The council's lawyers disputed this interpretation of the law, and a statement by the council noted that the Act allows the discharge of executive duties by a cabinet member to count as attendance at meetings, and that Hai had been "extremely active ... discharging his role as a cabinet member" over the six month period. He was not removed from the cabinet.

===Parliamentary ambitions===

In 2019, Westminster Extra reported that Hai had been "tipped by his supporters to make a parliamentary run at some stage in the future", and in 2023, the Camden New Journal suggested he had "set his sights on" a Commons seat, citing alleged "whispers" that he would like to run if there was an opening in east London.

OPEN Newham described Hai as a "seemingly vacuous individual... with a penchant for overstating his own importance", but sarcastically suggested that he might nonetheless be "the chosen one" in West Ham and Beckton, in part due to his past connections to Starmer and to him being a Bengali (and the constituency having a significant Bengali population).

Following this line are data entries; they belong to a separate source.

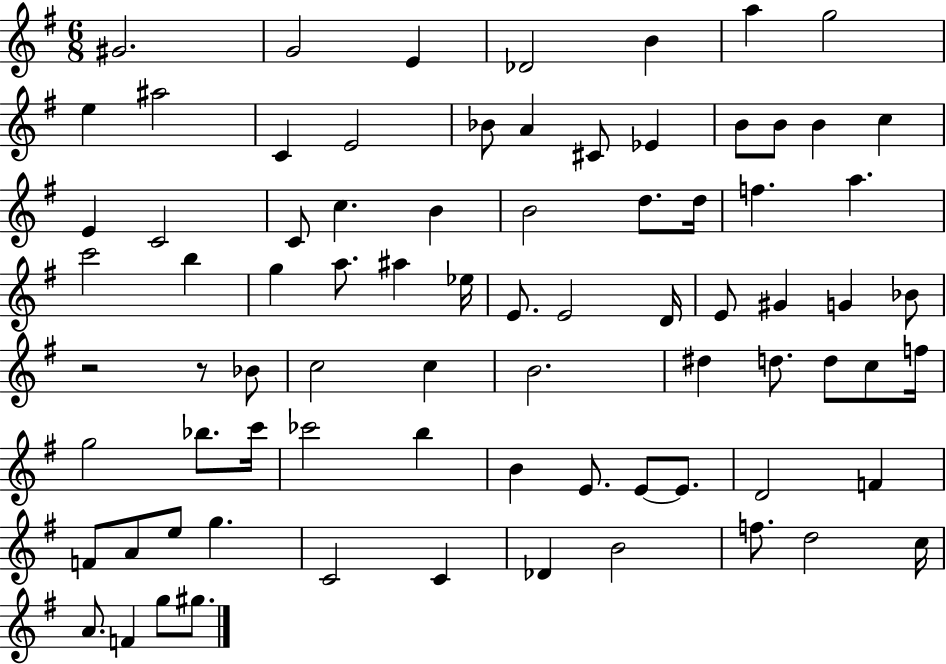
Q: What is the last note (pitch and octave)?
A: G#5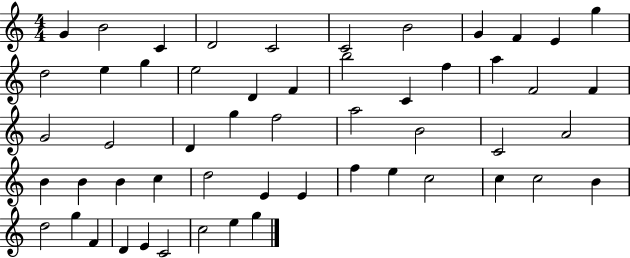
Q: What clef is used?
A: treble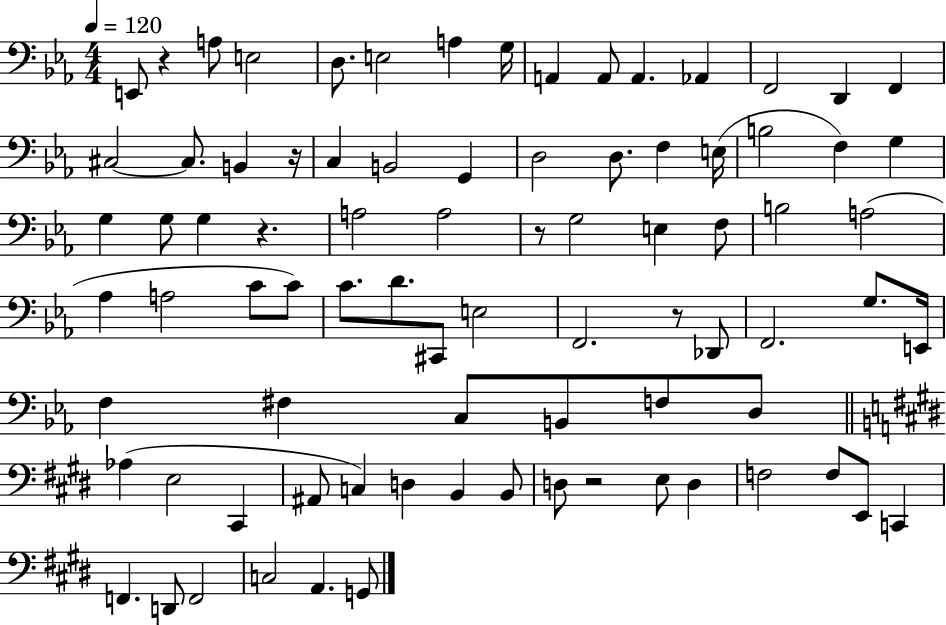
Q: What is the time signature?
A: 4/4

Political commentator Michael Crick, however, suggested Hai would be an "interesting" choice in light of the murder allegation against him in his youth. The Guardian reported that after he put himself up for selection, Hai was "flooded with abuse" on X, with "many" people claiming he was a convicted murderer.

Ultimately Hai was not selected and did not run in the 2024 general election.